THE PROBLEM:
Reproduction of part of the material below, pictures omitted: copy exactly, and only, the lines starting with the one with "a.) 1/(x-3(x+4) b.)1/(x-3)" and going on through the one with "Mm6 Maison Margiela".

INPUT DATA:

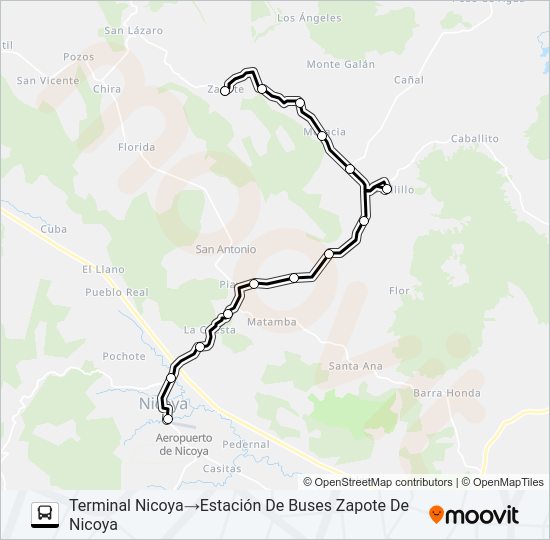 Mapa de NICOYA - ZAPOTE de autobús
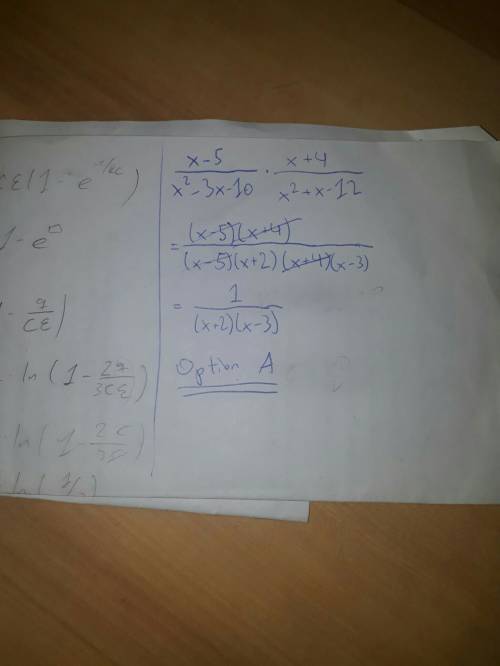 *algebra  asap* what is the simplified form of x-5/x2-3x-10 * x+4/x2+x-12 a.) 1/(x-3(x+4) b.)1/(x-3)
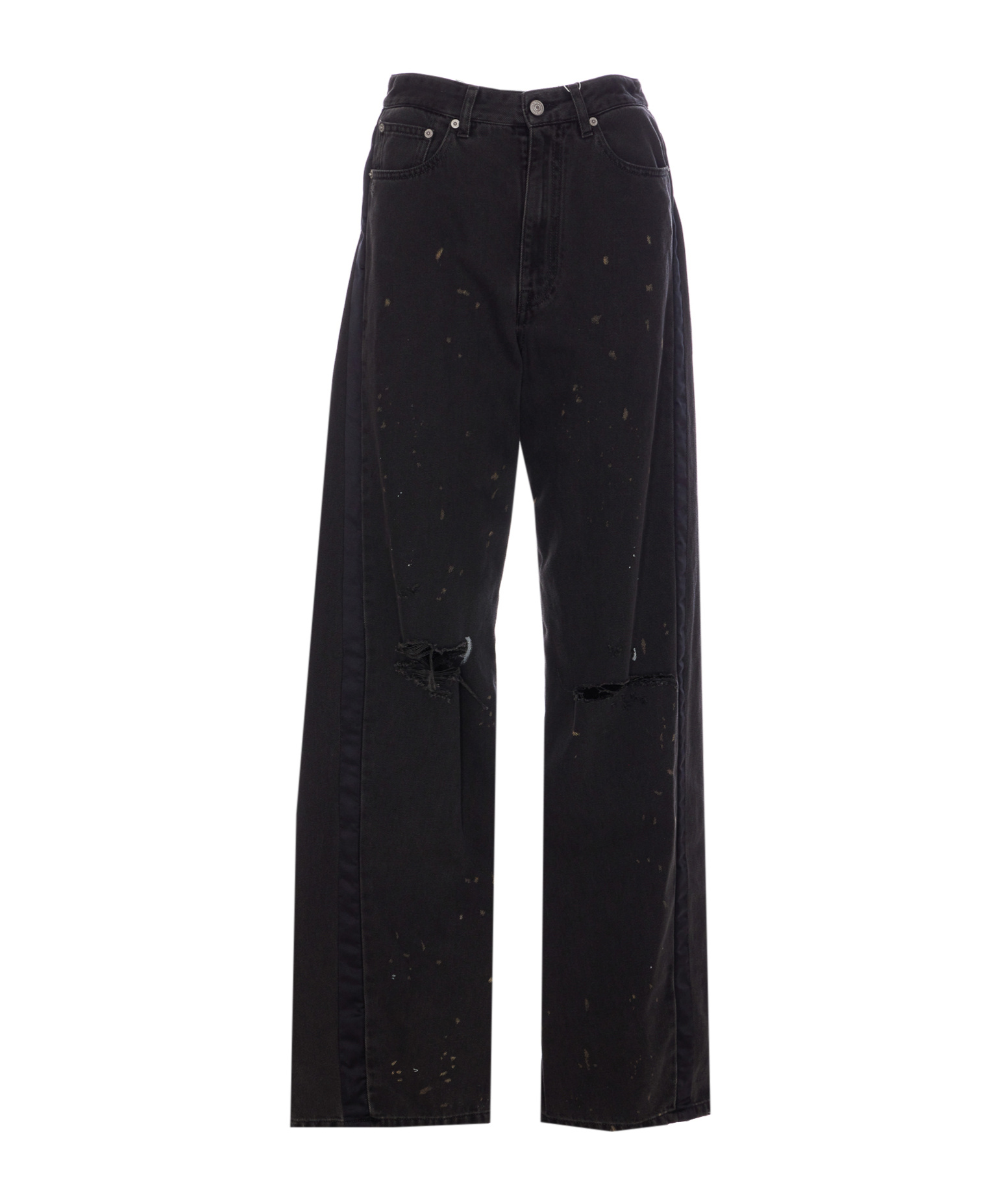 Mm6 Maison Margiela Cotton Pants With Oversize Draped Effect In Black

* * *

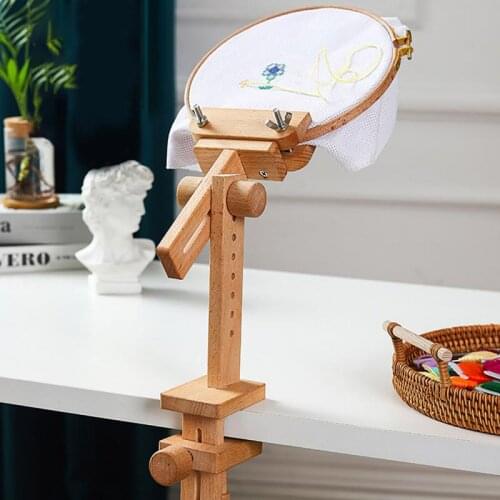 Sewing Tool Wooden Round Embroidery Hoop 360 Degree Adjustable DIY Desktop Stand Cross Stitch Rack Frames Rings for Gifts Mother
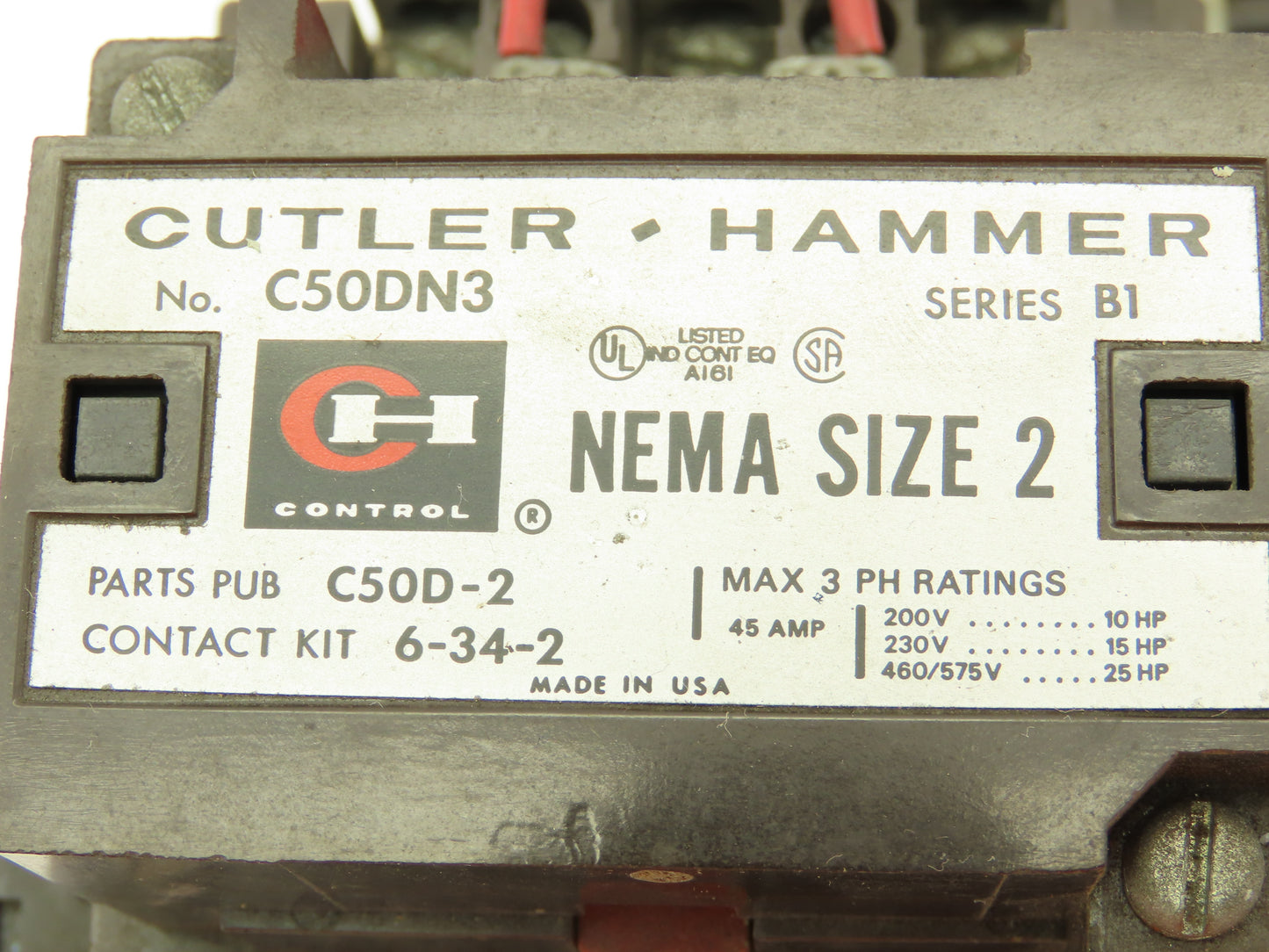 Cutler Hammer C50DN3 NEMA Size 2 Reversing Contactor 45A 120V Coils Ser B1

OUTPUT FOR THIS EXERCISE:
 *algebra  asap* what is the simplified form of x-5/x2-3x-10 * x+4/x2+x-12 a.) 1/(x-3(x+4) b.)1/(x-3)
 Mm6 Maison Margiela Cotton Pants With Oversize Draped Effect In Black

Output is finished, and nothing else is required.